Smoking and Diabetes: The Hidden Connection Most Australians Don’t Know About
By Michael Whelehan | Certified Master Hypnotherapist and Master NLP Practitioner | Breathe Hypnotherapy Melbourne | Updated May 2026
Most smokers are well aware of the risks to their lungs and heart. But the connection between smoking and diabetes in Australia is one that rarely comes up in conversation, and that silence is costing people their health. Research confirms that smoking significantly raises your risk of developing type 2 diabetes, and if you already have the condition, continuing to smoke makes it dramatically harder to manage. This blog breaks down exactly what the science says, why the risk is greater than most people realise, and what happens to your body when you finally stop.
How Big Is Australia’s Diabetes Problem Right Now?
The scale of diabetes in Australia is significant and growing. According to the Australian Institute of Health and Welfare, around 1.3 million Australians (5.1% of the population) were living with diagnosed diabetes as of 2021, up sharply from 400,000 diagnosed cases in 2001. Estimates suggest an additional 275 Australians are diagnosed with diabetes every single day.
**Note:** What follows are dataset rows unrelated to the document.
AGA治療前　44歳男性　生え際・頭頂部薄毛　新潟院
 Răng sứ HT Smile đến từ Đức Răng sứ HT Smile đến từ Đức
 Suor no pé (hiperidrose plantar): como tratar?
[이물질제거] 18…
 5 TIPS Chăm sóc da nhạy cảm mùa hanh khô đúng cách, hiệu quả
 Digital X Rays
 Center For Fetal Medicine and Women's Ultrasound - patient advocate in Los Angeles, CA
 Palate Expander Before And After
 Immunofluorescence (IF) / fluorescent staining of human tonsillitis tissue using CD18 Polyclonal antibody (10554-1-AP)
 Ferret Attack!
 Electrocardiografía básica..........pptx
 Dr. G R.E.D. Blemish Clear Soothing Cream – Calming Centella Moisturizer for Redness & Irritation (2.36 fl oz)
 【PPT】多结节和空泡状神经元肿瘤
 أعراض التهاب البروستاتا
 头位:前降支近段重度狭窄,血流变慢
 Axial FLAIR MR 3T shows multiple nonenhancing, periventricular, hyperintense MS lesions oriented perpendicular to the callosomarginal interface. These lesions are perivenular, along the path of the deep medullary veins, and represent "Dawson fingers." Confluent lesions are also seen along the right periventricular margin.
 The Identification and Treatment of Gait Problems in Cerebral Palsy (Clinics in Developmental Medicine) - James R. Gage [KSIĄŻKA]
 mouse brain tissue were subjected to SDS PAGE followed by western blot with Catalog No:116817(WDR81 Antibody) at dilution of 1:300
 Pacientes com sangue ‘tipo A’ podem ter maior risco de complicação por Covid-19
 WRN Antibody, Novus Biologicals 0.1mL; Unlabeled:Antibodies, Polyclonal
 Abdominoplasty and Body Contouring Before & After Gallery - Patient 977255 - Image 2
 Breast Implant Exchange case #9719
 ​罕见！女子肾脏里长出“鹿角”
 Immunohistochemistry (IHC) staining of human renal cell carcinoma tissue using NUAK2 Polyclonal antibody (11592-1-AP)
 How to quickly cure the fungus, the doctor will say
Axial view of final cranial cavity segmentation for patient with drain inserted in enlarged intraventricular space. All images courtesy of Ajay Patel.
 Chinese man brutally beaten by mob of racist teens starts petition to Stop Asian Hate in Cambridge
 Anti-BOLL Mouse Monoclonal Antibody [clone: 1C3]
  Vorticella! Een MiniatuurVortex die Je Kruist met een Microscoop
What makes this even more alarming is that up to half of all type 2 diabetes cases are believed to remain undiagnosed. Millions of Australians may be unknowingly living with elevated blood sugar and the complications that come with it.
Type 2 diabetes is the most common form and accounts for the vast majority of cases. Unlike type 1 diabetes, which is primarily an autoimmune condition, type 2 diabetes is directly influenced by lifestyle factors including diet, physical activity and whether you smoke.
Does Smoking Actually Cause Type 2 Diabetes?
Yes. Smoking is a recognised cause of type 2 diabetes. The Australian Government Department of Health is direct on this point: type 2 diabetes is caused by both lifestyle and inherited factors, and smoking is listed as one of those direct causes.
The relationship is dose-dependent. The more cigarettes you smoke and the longer you have smoked, the higher your risk becomes. This is not a marginal or speculative association. It is a well-documented, clinically significant risk factor backed by decades of research.
For a deeper look at how smoking damages your cardiovascular system alongside this, read our post on Smoking and Heart Disease: 5 Critical Facts Smokers Must Know.
The Role of Insulin Resistance
The primary mechanism behind smoking’s effect on diabetes risk centres on insulin resistance. Research cited by the AIHW confirms that smoking increases insulin resistance, the condition where the body’s cells no longer respond properly to insulin. Insulin is the hormone responsible for moving glucose out of the bloodstream and into cells for energy.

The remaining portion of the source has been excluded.